● Problem: Each record should reappear exactly in your answer, minus any picture.

Stored data:
((

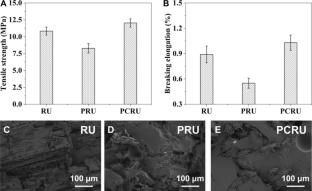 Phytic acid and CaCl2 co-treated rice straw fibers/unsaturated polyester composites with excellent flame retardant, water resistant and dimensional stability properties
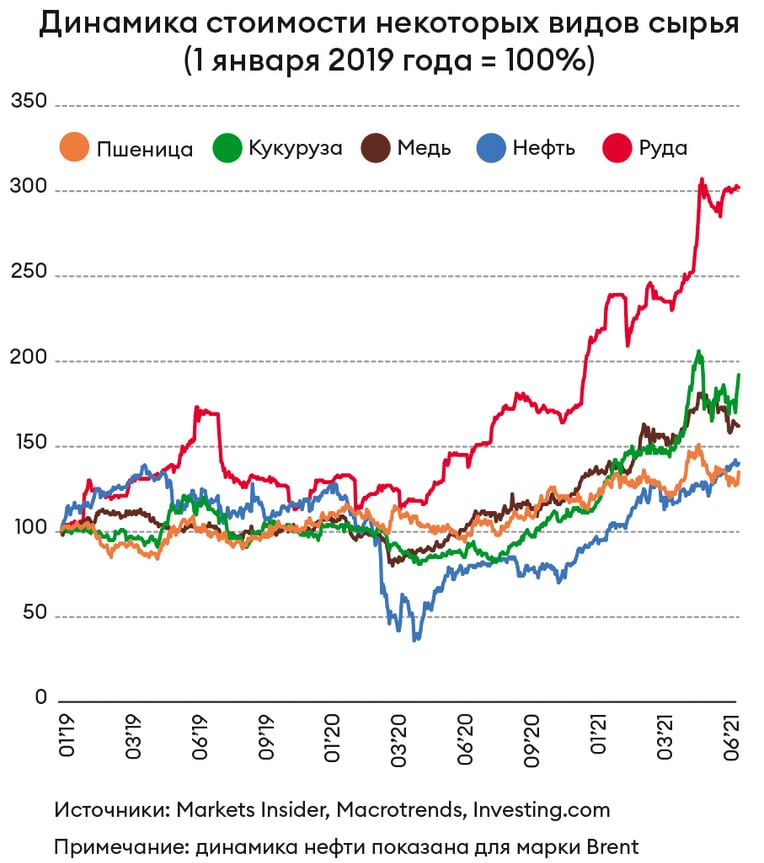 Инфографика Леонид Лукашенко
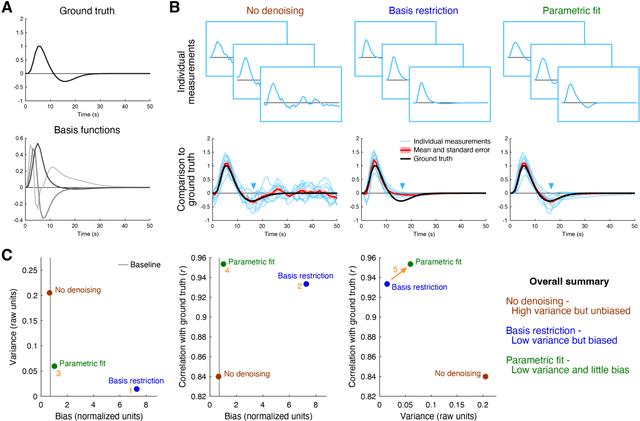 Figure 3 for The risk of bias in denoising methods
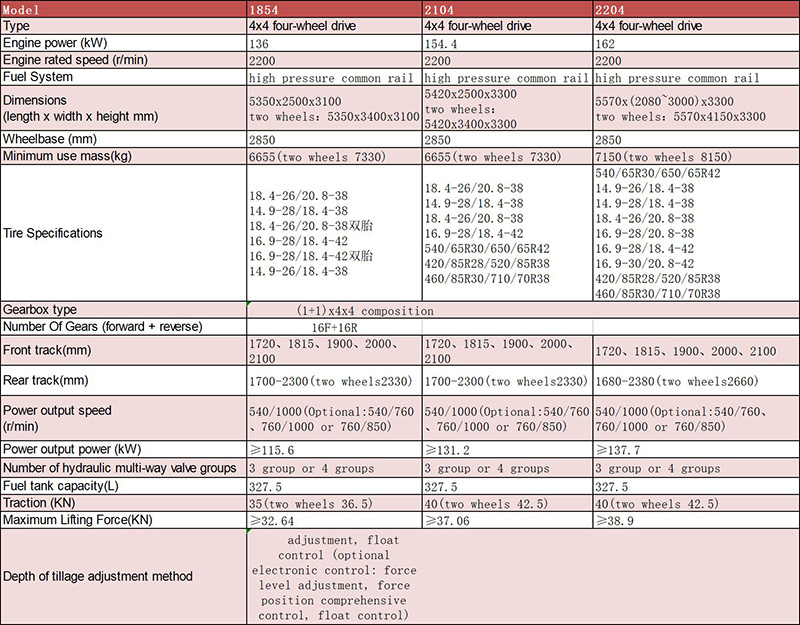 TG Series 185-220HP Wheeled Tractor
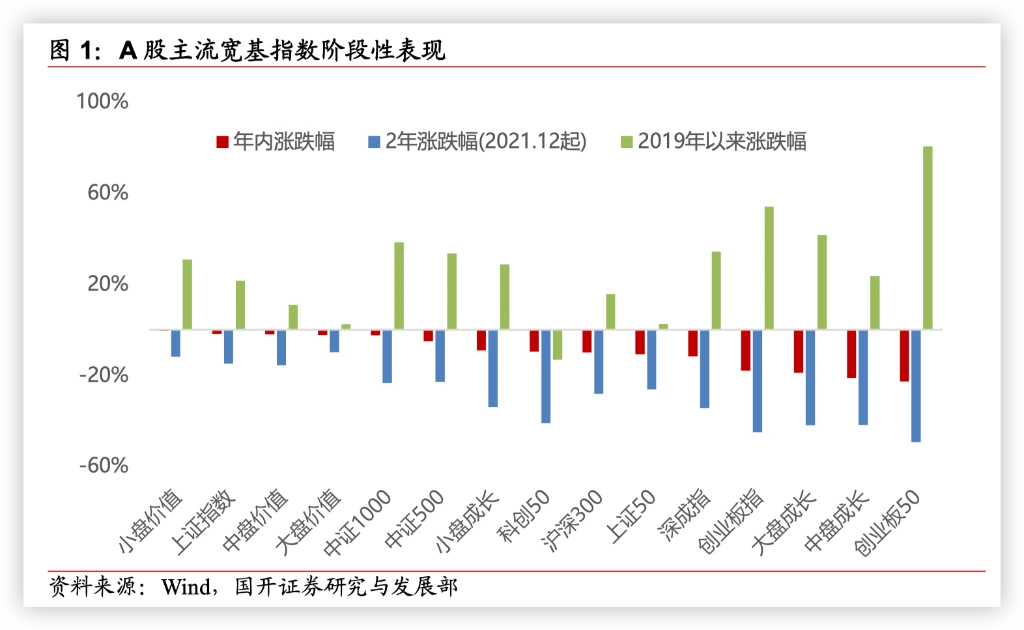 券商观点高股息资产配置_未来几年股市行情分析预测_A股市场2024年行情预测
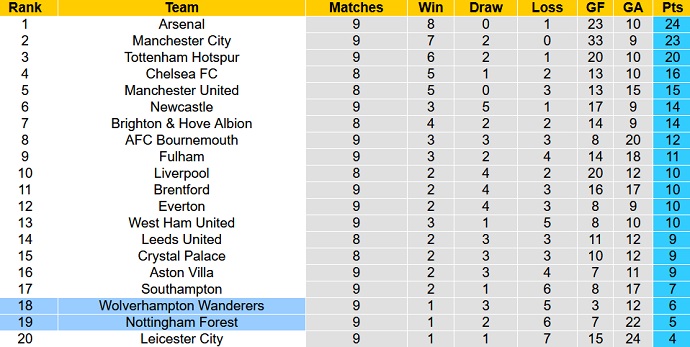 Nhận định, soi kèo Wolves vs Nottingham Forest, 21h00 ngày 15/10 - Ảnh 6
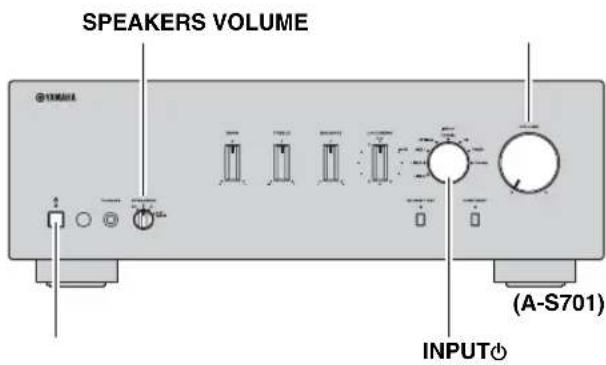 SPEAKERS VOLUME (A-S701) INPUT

))

● Expected output:
 Phytic acid and CaCl2 co-treated rice straw fibers/unsaturated polyester composites with excellent flame retardant, water resistant and dimensional stability properties
 Инфографика Леонид Лукашенко
 Figure 3 for The risk of bias in denoising methods
 TG Series 185-220HP Wheeled Tractor
 券商观点高股息资产配置_未来几年股市行情分析预测_A股市场2024年行情预测
 Nhận định, soi kèo Wolves vs Nottingham Forest, 21h00 ngày 15/10 - Ảnh 6
 SPEAKERS VOLUME (A-S701) INPUT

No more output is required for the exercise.